++++ Input material ++++

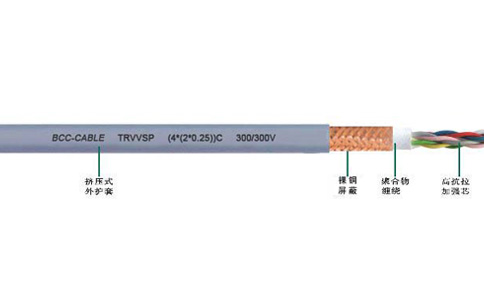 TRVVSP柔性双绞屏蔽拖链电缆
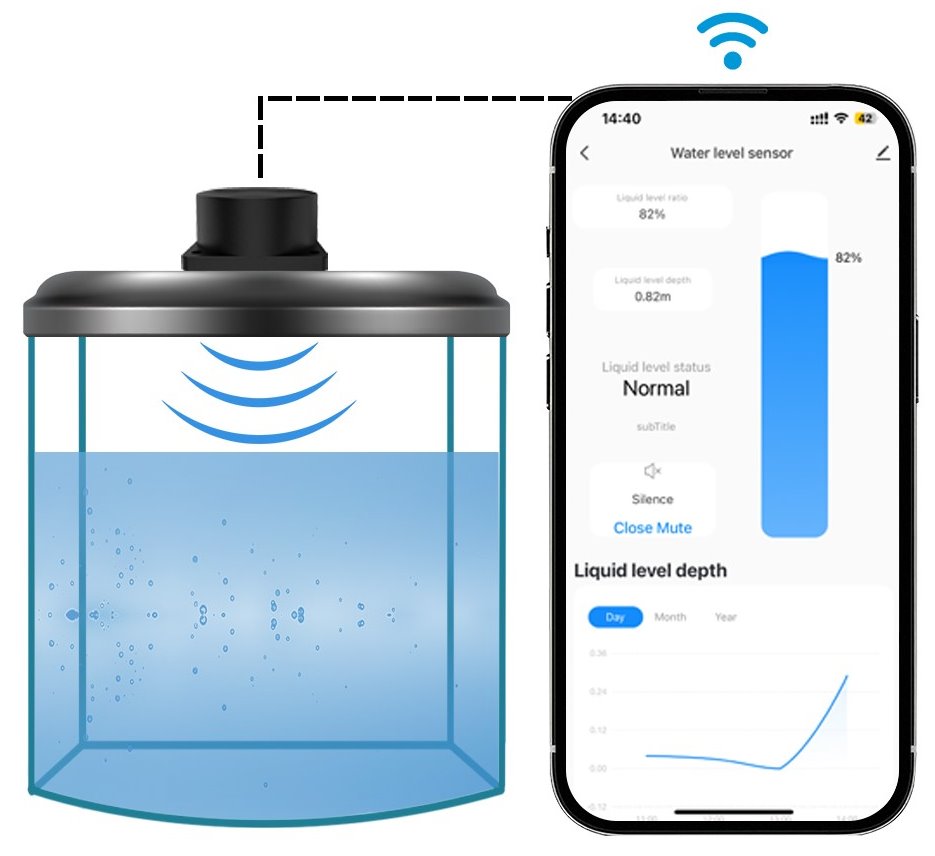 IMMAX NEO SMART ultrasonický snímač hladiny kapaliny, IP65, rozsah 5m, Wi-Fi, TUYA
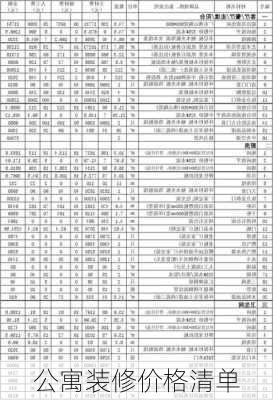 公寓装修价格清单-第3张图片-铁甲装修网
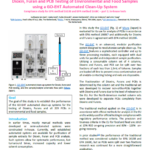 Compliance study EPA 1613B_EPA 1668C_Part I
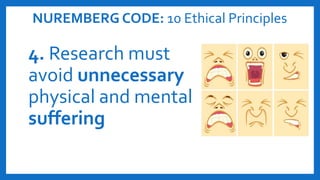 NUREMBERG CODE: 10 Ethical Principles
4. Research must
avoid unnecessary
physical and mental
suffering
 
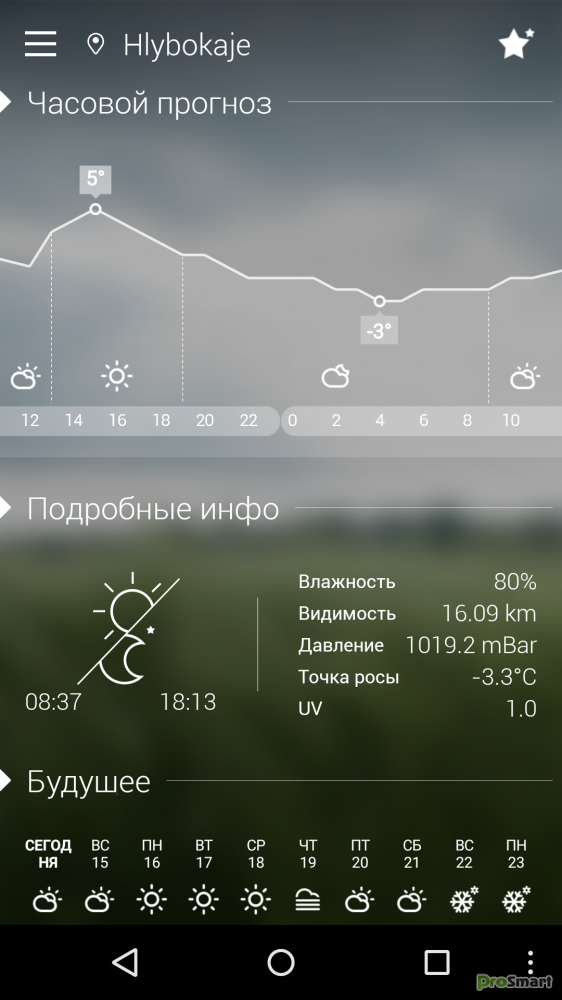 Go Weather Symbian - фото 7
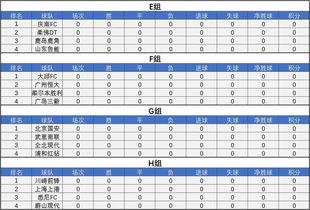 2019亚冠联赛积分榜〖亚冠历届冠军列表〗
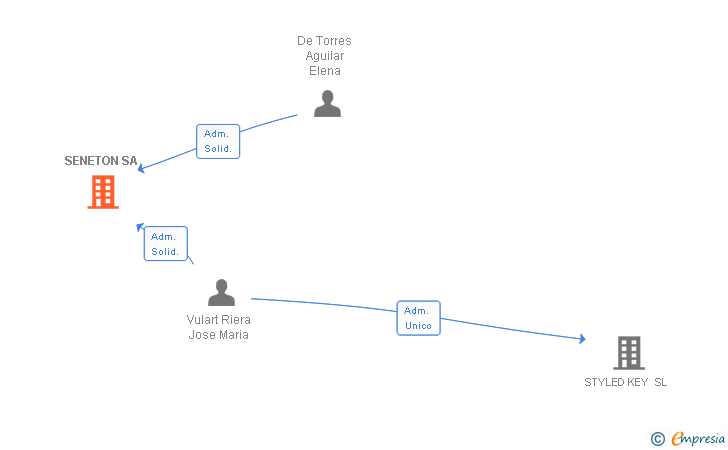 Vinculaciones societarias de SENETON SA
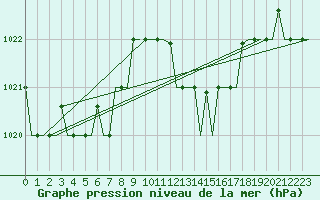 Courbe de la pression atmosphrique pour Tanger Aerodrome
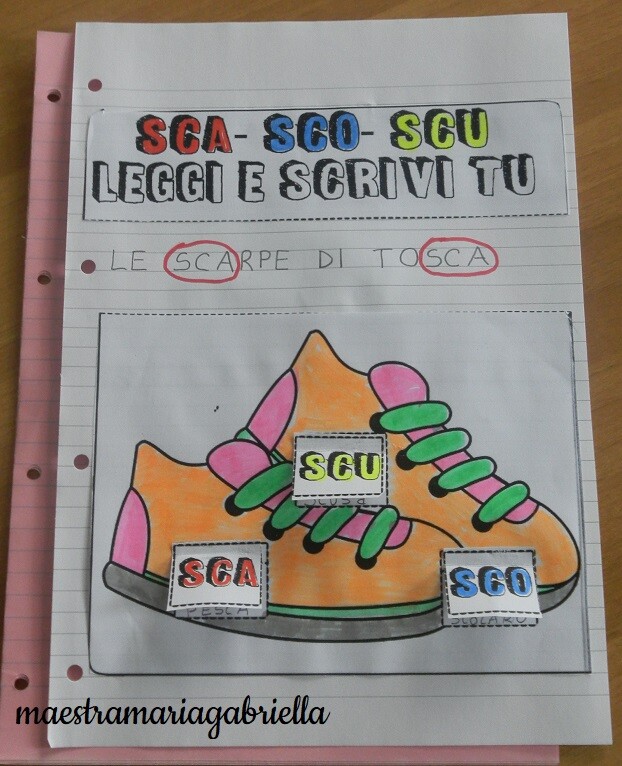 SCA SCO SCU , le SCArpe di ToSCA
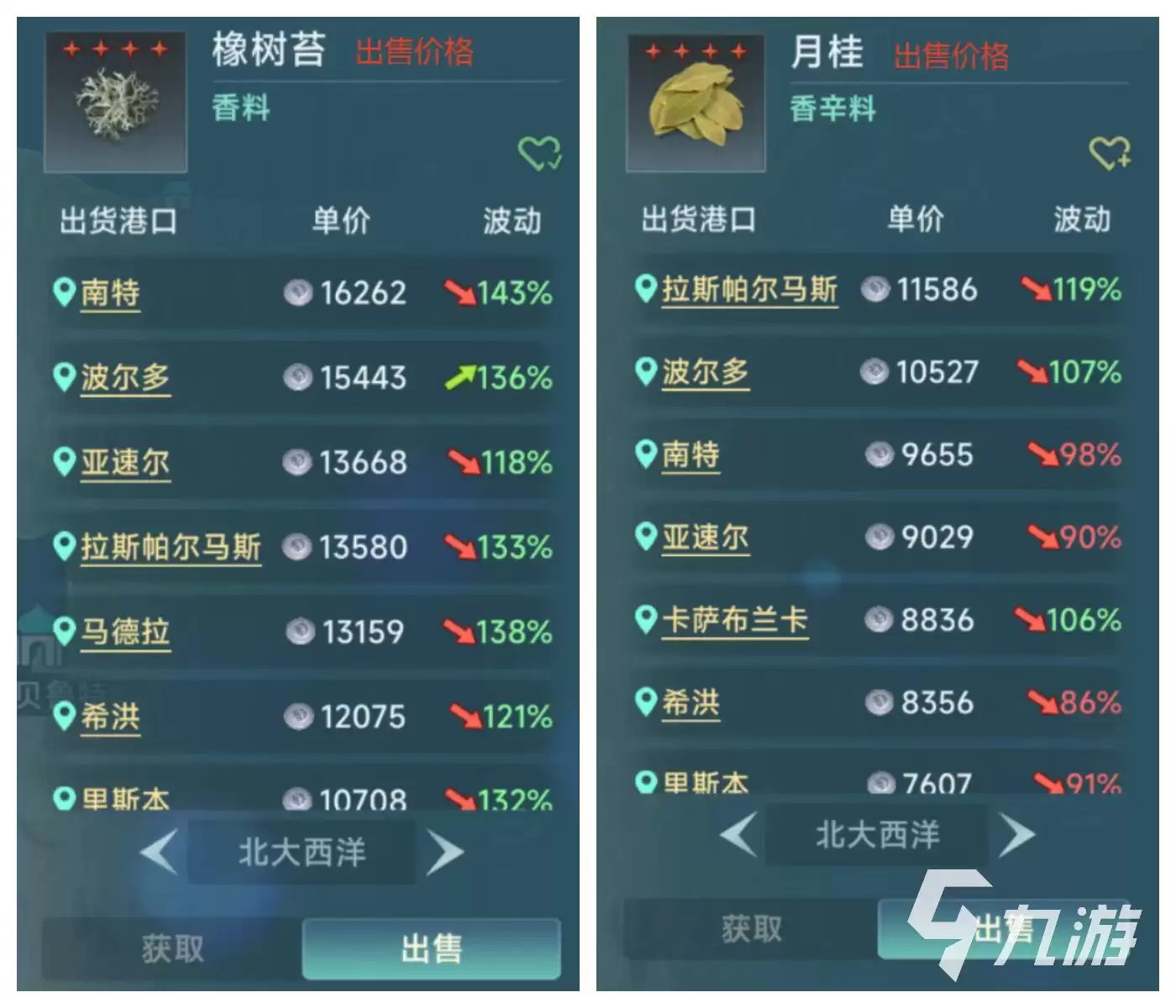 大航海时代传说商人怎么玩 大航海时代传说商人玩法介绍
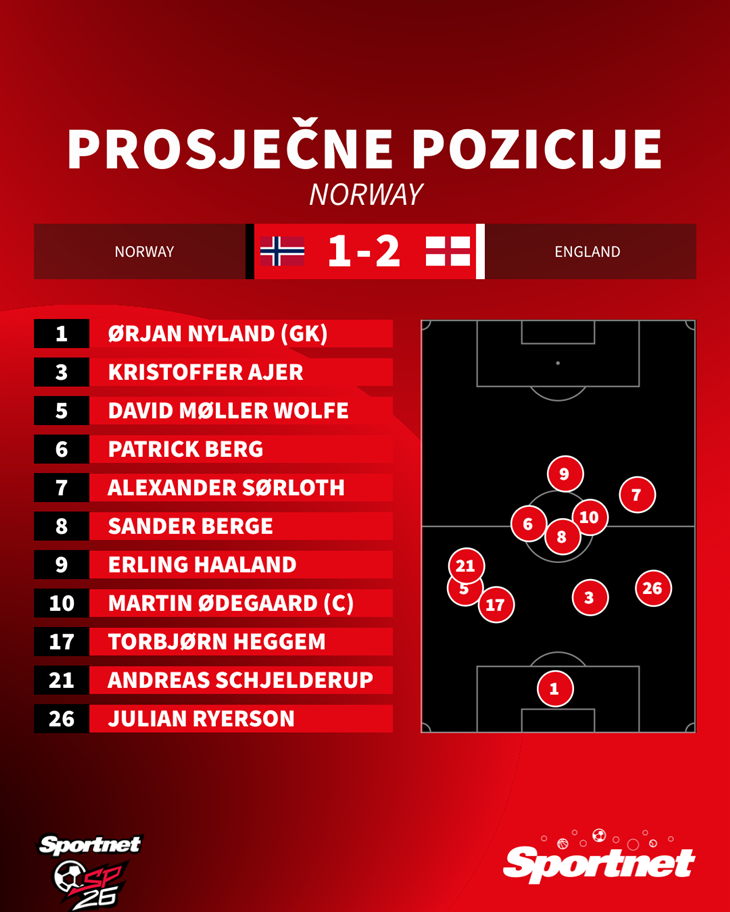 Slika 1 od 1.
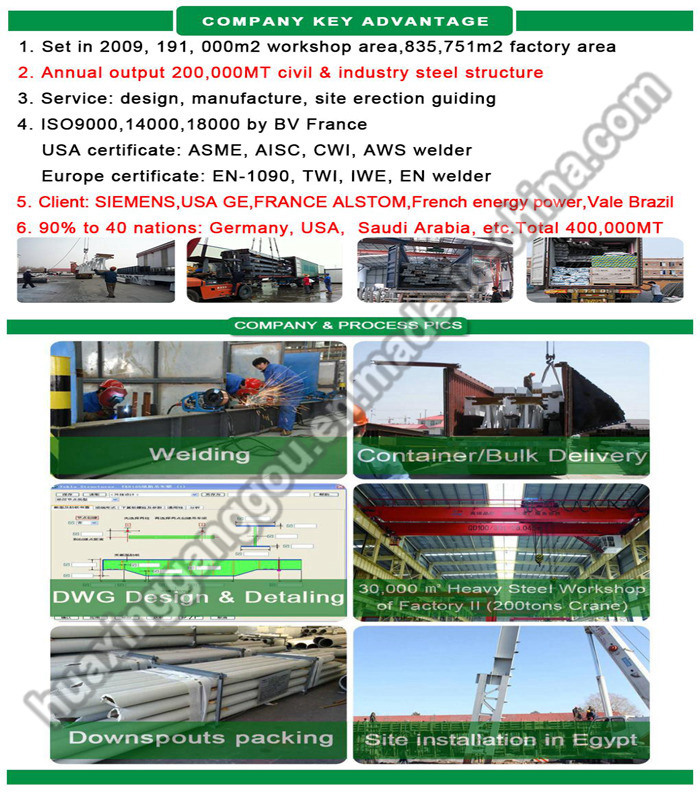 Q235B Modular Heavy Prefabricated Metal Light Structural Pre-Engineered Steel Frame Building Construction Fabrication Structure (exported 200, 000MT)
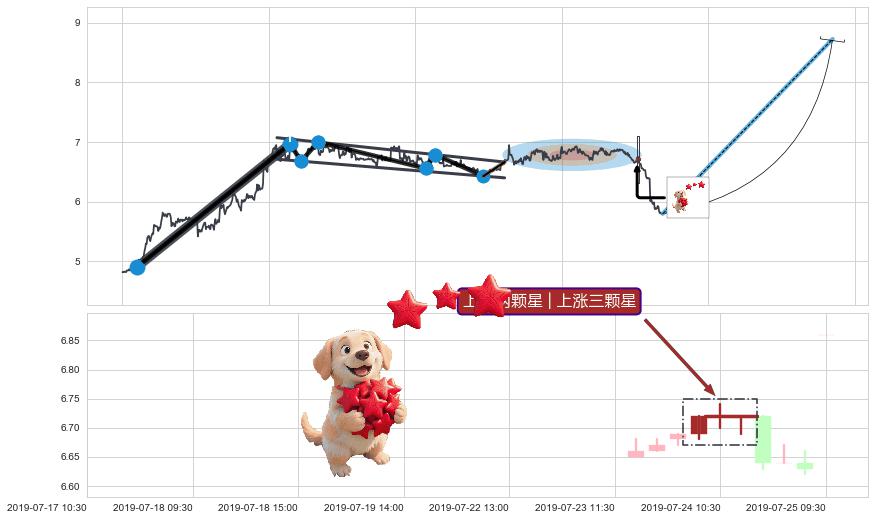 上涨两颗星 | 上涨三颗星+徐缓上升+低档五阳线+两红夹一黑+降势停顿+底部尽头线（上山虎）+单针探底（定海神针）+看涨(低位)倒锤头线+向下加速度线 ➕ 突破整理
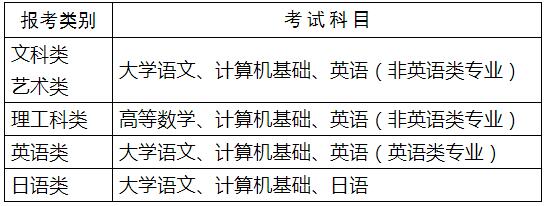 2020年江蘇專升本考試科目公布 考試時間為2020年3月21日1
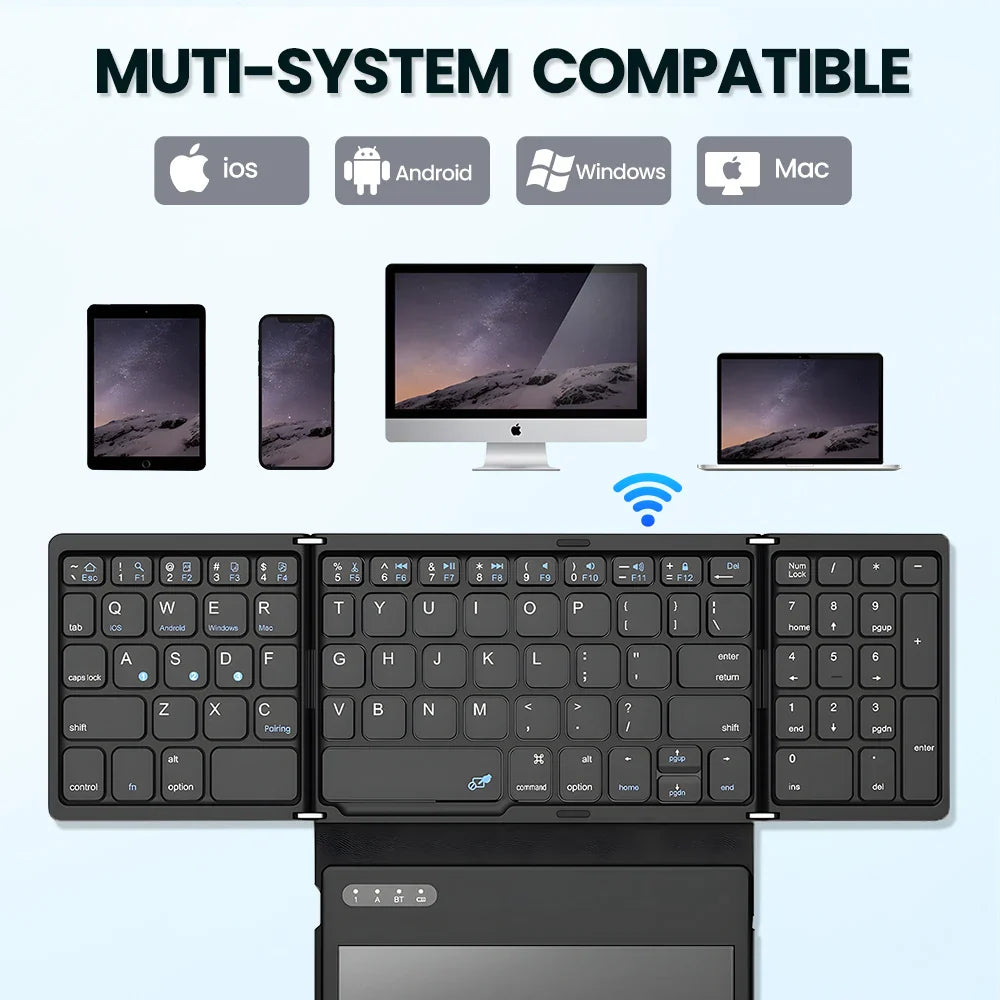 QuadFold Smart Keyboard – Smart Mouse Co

++++

Task instructions: Starting with the line that contains "Slika 1 od 1." and ending with the last line of the data above, transcribe exactly those lines and no others, without pictures.

Solution:
 Slika 1 od 1.
 Q235B Modular Heavy Prefabricated Metal Light Structural Pre-Engineered Steel Frame Building Construction Fabrication Structure (exported 200, 000MT)
 上涨两颗星 | 上涨三颗星+徐缓上升+低档五阳线+两红夹一黑+降势停顿+底部尽头线（上山虎）+单针探底（定海神针）+看涨(低位)倒锤头线+向下加速度线 ➕ 突破整理
 2020年江蘇專升本考試科目公布 考試時間為2020年3月21日1
 QuadFold Smart Keyboard – Smart Mouse Co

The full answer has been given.